Java Web Development High concurrency processing

Source: Internet
Author: User
Tags database load balancing memcached mysql host jboss

Java's approach to designing databases in high-concurrency high-load Web sites (Java tutorials, Java processes large amounts of data, Java High-load data)

One: High-concurrency high-load web site focus on the database

Yes, the first is the database, which is the first spof that most applications face. Especially the application of Web2.0, the database response is the first to solve.
In General, MySQL is the most commonly used, may initially be a MySQL host, when the data increased to more than 1 million, then the performance of MySQL dropped sharply. The common optimization measures are synchronous replication of m-s (master-slave) mode, and operation of queries and operations on separate servers. I recommend the M-m-slaves way, 2 main MySQL, multiple slaves, it should be noted that although there are 2 master, but at the same time only 1 is active, we can switch at a certain time. The reason for using 2 m is to ensure that M will not become a system spof.  
The slaves can be further load balanced and can be combined with LVS to properly balance the select operation to different slaves.  
The above architecture can contend for a certain amount of load, but as the user grows further, your user table data exceeds 10 million, and that M becomes spof. You can not arbitrarily expand the slaves, otherwise the cost of replication synchronization will go straight up, how to do? My method is table partitioning, which is partitioned from the business level. The simplest, take the user data as an example. According to a certain way of segmentation, such as ID, segmentation to a different database cluster.  

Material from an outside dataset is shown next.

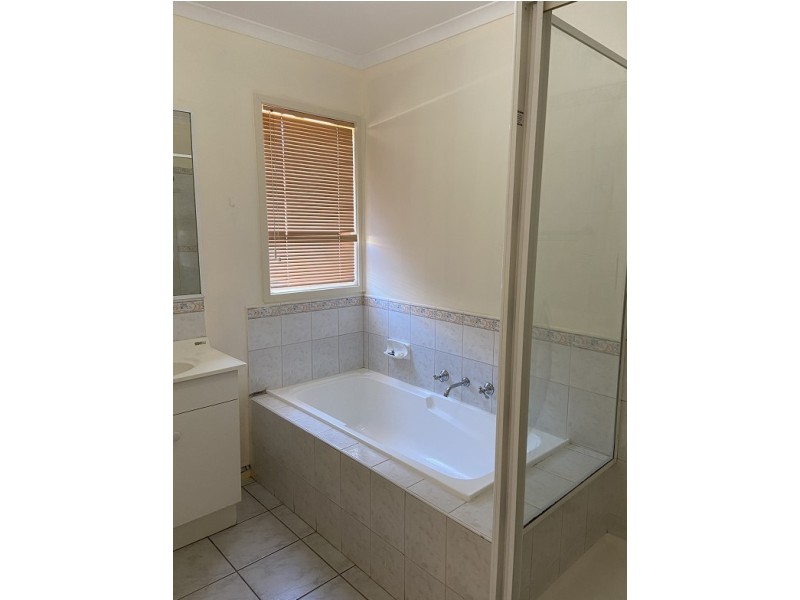 9 Greenlea Grove, Hampton Park VIC 3976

The global database is used for the Meta data query. The disadvantage is that each query, will be added once, for example, you want to check a user Nightsailer, you first to the global database group to find nightsailer corresponding cluster ID, and then to the specified cluster to find nightsailer actual data.  
each cluster can be in m-m mode, or M-m-slaves way. This is an extensible structure, and as the load increases, you can simply add the new MySQL cluster to go in.  

It is important to note that:
1. Disable all auto_increment fields
2, the ID needs to use the common algorithm centralized allocation
3, to have a better way to monitor the load of the MySQL host and the running state of the service. If you have more than 30 MySQL databases running, you know what I mean.  
4, do not use persistent links (not with pconnect), instead, use sqlrelay such third-party database link pool, or simply do it yourself, because the link pool of MySQL in php4 often problems.  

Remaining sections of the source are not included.